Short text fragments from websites

^^^^

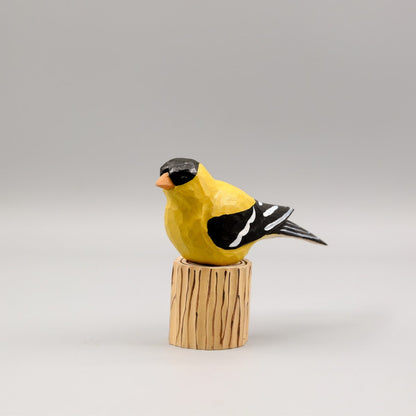 American Goldfinch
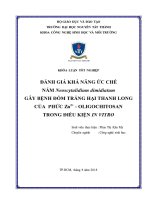 Đánh giá khả năng ức chế nấm neoscytalidium dimidiatum gây bệnh đốm trắng hại thanh long của phức zn2+  oligochitosan trong điều kiện in vitro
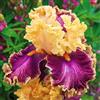 Nyugs Iris, rizomi di Iris resistenti, rizomi perenni da giardino, piantagioni di Iris rari da giardino-4 rizomi-j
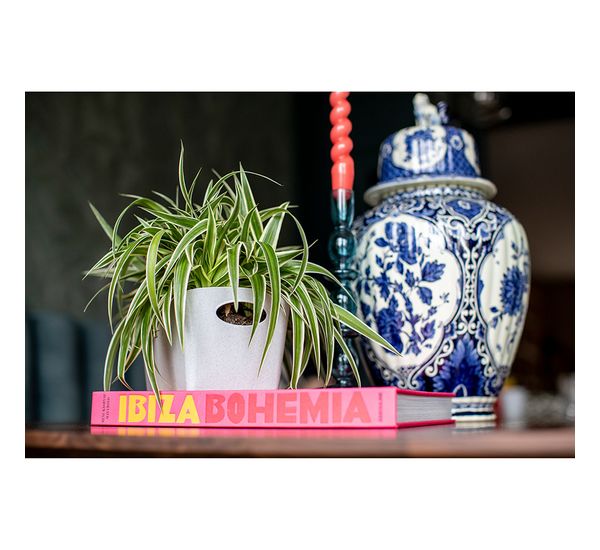 Контейнер для хранения Boxxx, Organic, 1 л, розовый, Koziol, изображение 11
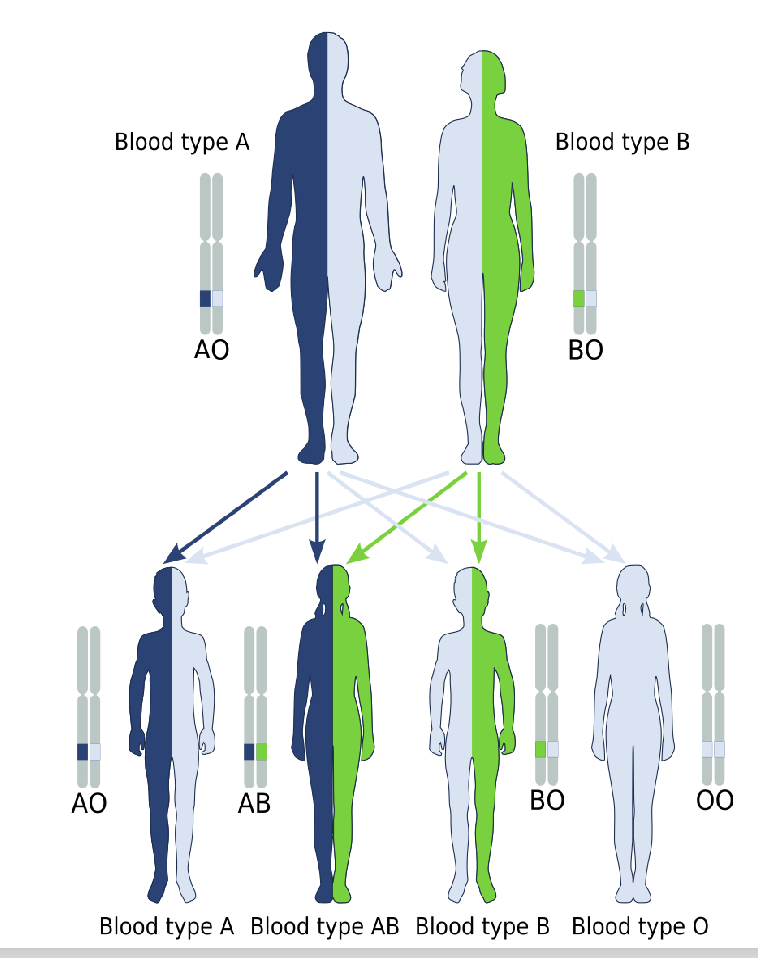<p>What is autosomal inheritance?</p>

^^^^

Would you transcribe all of the data exactly, apart from its pictures?

SOLUTION TO THIS TASK:
 American Goldfinch
 Đánh giá khả năng ức chế nấm neoscytalidium dimidiatum gây bệnh đốm trắng hại thanh long của phức zn2+  oligochitosan trong điều kiện in vitro
 Nyugs Iris, rizomi di Iris resistenti, rizomi perenni da giardino, piantagioni di Iris rari da giardino-4 rizomi-j
 Контейнер для хранения Boxxx, Organic, 1 л, розовый, Koziol, изображение 11
<p>What is autosomal inheritance?</p>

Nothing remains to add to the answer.